On one hand, there is already so much out there about systems – what can we add? And then there is so much acrimony and so many opposing camps – who will take the time to read something different?
What perhaps most exemplifies the perils of this endeavor for us is what one finds when looking at platforms like LinkedIn and the current state of the discourse on systems that can be found there:
On LinkedIn, it can feel like all the whole astonishing worlds of systems has been reduced to two reductive camps – Complex Adaptive Systems vs Systems Thinking. And each, as they are found on LinkedIn, selling mainly profoundly anemic, highly branded products with ever cuter or more obscure names while disparaging the other with argument-free claims stripped of any sense of generosity or curiosity.
Curiosity and genuine creative development never thrive in an environment where concepts have been weaponized. And certainly little is thriving there in regards to a creative inventive dialog on systems.
Then, on the other hand, we could see that we have already written extensively on many aspects of systems and working with systems in previous newsletters. What is there to add? Are we going to be just repeating ourselves?
We eventually came to the conclusion – after scrapping a few newsletters, that since a systems logic is fundamental to our process based practice, it would be useful to begin this series by both going into why we have developed such an approach, as well as why it is different to other systems based approaches.
One of the critical motivations for developing our practice as a consultancy was the recognition that there is a pressing need to develop a non-anthropocentric approach to creativity and innovation. There is a profound need for approaches that are at once bigger and decentering of the human as well as one that can also pragmatically address the pressing social and ecological crisis that define our times.
For us, this is both an ontological challenge and a highly practical challenge.
It is an ontological challenge in that there is a clear relation between the crisis we face today and our existing anthropocentric ontology. It is also a highly pragmatic challenge in that we need usable tools, approaches, and context-determined methodologies to get to work – time is pressing.
Despite the hubris of our historical sense of self-importance and ideation-driven models of creativity – It is abundantly clear that we are not the measure of all things, nor are we solitary beings who dream up unique ideas and can make them so.
Rather, we are part of a complex history and present that has developed an ecosystem of practices, tools, environments, habits, subjectivities, and concepts that has developed a world where just such an anthropocentric destructive logic can flourish. And our existing reality is an outcome of its success.

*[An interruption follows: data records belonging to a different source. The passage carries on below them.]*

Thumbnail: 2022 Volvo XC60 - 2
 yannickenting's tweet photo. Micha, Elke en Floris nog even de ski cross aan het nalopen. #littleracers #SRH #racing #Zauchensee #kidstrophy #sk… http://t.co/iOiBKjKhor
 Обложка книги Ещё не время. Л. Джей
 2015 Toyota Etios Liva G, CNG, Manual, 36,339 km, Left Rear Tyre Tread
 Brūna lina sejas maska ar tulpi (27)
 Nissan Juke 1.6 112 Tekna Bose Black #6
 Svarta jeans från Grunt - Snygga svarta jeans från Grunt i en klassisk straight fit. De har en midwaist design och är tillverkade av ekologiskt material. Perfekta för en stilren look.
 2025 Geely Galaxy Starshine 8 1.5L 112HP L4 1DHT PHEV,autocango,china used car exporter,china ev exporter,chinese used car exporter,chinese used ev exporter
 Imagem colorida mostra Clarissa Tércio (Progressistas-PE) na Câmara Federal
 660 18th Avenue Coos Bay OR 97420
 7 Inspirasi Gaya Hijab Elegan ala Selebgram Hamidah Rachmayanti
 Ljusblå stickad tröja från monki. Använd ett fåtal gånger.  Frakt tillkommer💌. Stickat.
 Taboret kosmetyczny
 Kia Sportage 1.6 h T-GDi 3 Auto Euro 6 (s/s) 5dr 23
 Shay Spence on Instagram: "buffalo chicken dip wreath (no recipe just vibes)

Obviously, many are trying to use this ecosystem of anthropocentric practices and subjectivities to challenge our current crisis – but we are skeptical that such an approach will lead to any different outcome than the ones we already have.
For us, there is a need to critically disclose our world, its history, and practices. Fundamental to doing this effectively is the development of critical practices that can closely trace the genealogy and explicate the present logic of our current models of making, creating, and innovating. In short, we need both a critique of contemporary approaches to creativity and an ontological alternative.
We have gone into the problems of an anthropocentric model of creativity before, but mainly from a pragmatic functional perspective (it neither works nor gives us access to anything like a useful understanding of ourselves or the logic of how novelty emerges).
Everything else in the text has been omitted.